_GOAL OF THE EXERCISE:_ How do the lines below between the ones holding "Shiv Sena (UBT)" and "a woman selling", inclusive, read? Give them again exactly, with no other lines.

_DATA TO PROCESS:_
-------------------------

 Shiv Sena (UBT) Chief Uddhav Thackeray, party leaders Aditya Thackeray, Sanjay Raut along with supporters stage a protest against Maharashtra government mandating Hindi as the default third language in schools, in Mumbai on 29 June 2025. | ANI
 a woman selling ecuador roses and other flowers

-------------------------

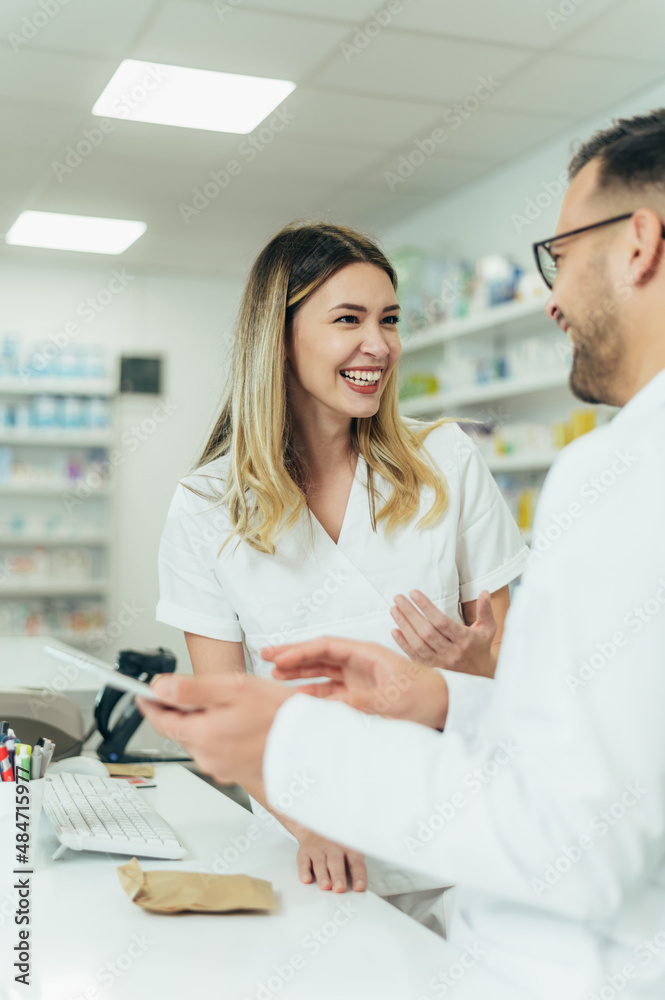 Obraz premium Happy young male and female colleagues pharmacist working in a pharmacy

-------------------------

_ANSWER BOX:_
 Shiv Sena (UBT) Chief Uddhav Thackeray, party leaders Aditya Thackeray, Sanjay Raut along with supporters stage a protest against Maharashtra government mandating Hindi as the default third language in schools, in Mumbai on 29 June 2025. | ANI
 a woman selling ecuador roses and other flowers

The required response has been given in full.